そして自身の右腕に目を移すと腕に向かってふっと息を吹きかける。
「え・・・?」
息を吹きかけた腕は光を纏い次の瞬間には一緒に吹き飛んだと思われるジャケットごと元に戻っていたのだ。
真夜はひどい頭痛を覚えながらも人智を超えた一部始終をその目に焼き付けた。
「ばけ・・・もの・・・」
「心外だな、神様だ」
陸人は真夜に歩み寄るとその手を握り起き上がらせる。
「少しは信じる気になったか?」
真夜は無言で何度も首を縦に振る。そのままソファへ戻り呼吸を落ち着かせながら改めて腰を下ろす。
(なんなのこの人・・・、トリックとかそんな次元じゃない・・・)
上目使いで男を凝視しながら真夜は試案をめぐらす。彼女の想像通り、陸人は明らかに人智を超えた存在なのは間違いない。
そんな彼が何故自分を拉致してこんなオフィスに軟禁するのか。真夜の興味はその一点に尽きる。
「話を続ける」
一方的にそういい放つと陸人は先ほどのお香の香りがするタバコらしき物にまた火をつける。無論、道具を使った形跡はない。
「はぁ・・・拒否権は無いんですね、もう好きにしてください」
「肝は座っているようだな」
紫煙を吐き出しながら陸人は再び机に脚を乗せる。行儀はわるいがそのワイルドな仕草は不思議とその容姿にしっくりとくる。

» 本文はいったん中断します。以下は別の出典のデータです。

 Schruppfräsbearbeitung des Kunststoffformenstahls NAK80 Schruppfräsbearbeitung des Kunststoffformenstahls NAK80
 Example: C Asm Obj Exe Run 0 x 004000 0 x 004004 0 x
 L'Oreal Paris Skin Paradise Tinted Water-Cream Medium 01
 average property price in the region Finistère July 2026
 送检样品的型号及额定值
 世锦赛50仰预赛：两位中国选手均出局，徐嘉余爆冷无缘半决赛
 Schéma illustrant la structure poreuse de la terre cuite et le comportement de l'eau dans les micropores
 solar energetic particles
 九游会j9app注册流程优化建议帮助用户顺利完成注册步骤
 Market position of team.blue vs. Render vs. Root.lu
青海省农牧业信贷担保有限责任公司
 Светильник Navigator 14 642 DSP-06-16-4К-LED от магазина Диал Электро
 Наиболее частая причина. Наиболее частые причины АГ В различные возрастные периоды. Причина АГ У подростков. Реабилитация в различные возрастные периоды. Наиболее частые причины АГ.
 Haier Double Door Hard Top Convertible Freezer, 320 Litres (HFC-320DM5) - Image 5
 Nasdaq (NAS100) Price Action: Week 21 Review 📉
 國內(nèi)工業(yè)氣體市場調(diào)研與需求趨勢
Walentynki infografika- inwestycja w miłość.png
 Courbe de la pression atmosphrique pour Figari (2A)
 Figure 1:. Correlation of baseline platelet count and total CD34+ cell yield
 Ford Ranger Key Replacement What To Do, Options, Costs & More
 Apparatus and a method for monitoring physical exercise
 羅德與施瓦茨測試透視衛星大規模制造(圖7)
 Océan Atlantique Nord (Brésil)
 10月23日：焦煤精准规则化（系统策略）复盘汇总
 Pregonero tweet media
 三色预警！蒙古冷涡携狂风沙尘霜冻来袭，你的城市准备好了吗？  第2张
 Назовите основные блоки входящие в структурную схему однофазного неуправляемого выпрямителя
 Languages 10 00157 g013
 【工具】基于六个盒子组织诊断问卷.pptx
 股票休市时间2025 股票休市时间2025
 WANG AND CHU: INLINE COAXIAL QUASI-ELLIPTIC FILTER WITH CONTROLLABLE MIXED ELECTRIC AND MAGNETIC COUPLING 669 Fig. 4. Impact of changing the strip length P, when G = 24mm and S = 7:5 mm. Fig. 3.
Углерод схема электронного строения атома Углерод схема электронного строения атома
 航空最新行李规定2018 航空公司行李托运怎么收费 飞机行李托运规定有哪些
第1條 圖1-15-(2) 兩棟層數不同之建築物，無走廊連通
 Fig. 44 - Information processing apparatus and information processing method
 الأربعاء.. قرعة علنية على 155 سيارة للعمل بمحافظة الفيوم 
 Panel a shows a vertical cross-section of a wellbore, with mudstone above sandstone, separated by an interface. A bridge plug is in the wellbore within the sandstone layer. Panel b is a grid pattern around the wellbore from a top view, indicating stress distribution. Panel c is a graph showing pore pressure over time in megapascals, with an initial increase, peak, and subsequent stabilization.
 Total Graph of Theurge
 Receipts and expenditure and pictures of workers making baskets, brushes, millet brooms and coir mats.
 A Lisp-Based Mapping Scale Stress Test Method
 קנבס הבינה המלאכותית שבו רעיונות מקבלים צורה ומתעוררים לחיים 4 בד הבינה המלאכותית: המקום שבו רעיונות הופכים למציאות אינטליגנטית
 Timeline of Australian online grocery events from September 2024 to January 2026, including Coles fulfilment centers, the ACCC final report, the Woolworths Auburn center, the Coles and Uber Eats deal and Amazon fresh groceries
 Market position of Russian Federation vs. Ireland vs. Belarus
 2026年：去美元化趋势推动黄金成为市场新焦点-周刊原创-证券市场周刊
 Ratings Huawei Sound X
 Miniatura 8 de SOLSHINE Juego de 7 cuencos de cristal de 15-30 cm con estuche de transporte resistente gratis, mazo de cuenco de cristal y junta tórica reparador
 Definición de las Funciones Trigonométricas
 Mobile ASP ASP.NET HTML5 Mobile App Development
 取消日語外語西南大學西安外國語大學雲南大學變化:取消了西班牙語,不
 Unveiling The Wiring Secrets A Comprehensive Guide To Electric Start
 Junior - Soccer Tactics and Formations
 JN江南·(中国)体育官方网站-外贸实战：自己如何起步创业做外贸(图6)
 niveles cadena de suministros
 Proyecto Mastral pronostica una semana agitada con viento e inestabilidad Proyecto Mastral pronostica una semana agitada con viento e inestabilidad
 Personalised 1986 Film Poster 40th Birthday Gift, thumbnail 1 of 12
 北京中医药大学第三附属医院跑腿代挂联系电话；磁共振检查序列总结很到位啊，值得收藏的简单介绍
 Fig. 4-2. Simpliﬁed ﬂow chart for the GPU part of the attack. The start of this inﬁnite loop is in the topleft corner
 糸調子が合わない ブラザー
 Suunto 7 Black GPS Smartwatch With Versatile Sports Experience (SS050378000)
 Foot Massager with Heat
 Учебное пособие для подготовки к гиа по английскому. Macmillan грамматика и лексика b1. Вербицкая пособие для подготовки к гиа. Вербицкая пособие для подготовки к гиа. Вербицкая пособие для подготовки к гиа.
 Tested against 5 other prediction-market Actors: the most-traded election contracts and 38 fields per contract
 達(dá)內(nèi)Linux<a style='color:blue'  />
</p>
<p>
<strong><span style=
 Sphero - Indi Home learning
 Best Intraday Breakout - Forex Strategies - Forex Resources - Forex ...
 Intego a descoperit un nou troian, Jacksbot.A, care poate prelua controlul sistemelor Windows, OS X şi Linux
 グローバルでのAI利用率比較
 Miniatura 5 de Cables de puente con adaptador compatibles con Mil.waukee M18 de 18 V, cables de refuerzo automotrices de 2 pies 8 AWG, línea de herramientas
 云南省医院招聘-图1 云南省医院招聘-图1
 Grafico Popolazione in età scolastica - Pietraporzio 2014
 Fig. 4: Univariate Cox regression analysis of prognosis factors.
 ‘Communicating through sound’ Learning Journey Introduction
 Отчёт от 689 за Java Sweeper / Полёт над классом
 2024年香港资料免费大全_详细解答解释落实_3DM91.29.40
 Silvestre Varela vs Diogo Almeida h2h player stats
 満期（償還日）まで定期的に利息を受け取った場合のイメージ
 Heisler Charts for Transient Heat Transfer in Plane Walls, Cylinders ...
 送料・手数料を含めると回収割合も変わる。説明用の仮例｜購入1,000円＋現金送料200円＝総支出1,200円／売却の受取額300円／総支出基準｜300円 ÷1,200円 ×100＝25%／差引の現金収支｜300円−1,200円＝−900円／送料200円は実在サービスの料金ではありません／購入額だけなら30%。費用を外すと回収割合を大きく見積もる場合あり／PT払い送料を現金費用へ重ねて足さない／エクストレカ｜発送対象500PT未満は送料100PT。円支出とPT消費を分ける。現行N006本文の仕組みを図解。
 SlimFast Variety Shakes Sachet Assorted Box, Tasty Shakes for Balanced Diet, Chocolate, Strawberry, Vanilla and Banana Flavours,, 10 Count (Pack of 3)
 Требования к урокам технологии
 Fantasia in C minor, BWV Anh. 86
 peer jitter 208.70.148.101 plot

「三度いうが、俺はお前たちの言うところの神様だ。日本神話じゃイザナギ、イザナミに相当する」
「まってください」
真夜は陸人の言葉を制する。
「私の知る限りで恐縮ですが、イザナギ、イザナミといえばこの日本の創造神ですよね・・・?」
「わかりやすく例えたつもりだが論点をかえる。そもそも神話とはなんだ?」
「私の個人的な見解になりますが・・・人類開闢期の事象を科学的に説明ができない当時の人々が、神様という長上の存在にその事象の
説明を、無理やり担わせた。いわば当時の人に都合のいい作り話・・・でしょうか?」
「忌憚のない意見だな」
コーヒーを口に運びながら。陸人は続ける。どうやらブラックが好みらしい。
「概ね間違っていない。だが、実際に説明がつかない事象があったとして、その事象が起こったことは事実だ。
だとすれば、それを引き起こしたのは一体誰だ?」
「・・・それは・・・神様・・・?」
「はぁ・・・この手の説明は俺より海人の方が適任なんだがなぁ。どうもお前たちに分かりやすく説明するとなると
気を遣うな。まずここには居ないが、俺を含めこの世界には三人の神が存在する。三人だ、いかなる国の神話が様々な
創造神を伝承するが、それはすべて俺たち三神がそれぞれ違う形で伝承されていると、認識しろ」
真夜は右手の人差し指を横から唇にあてる。友人からも指摘されるが、彼女が真剣に考え事をする際の癖であるらしい。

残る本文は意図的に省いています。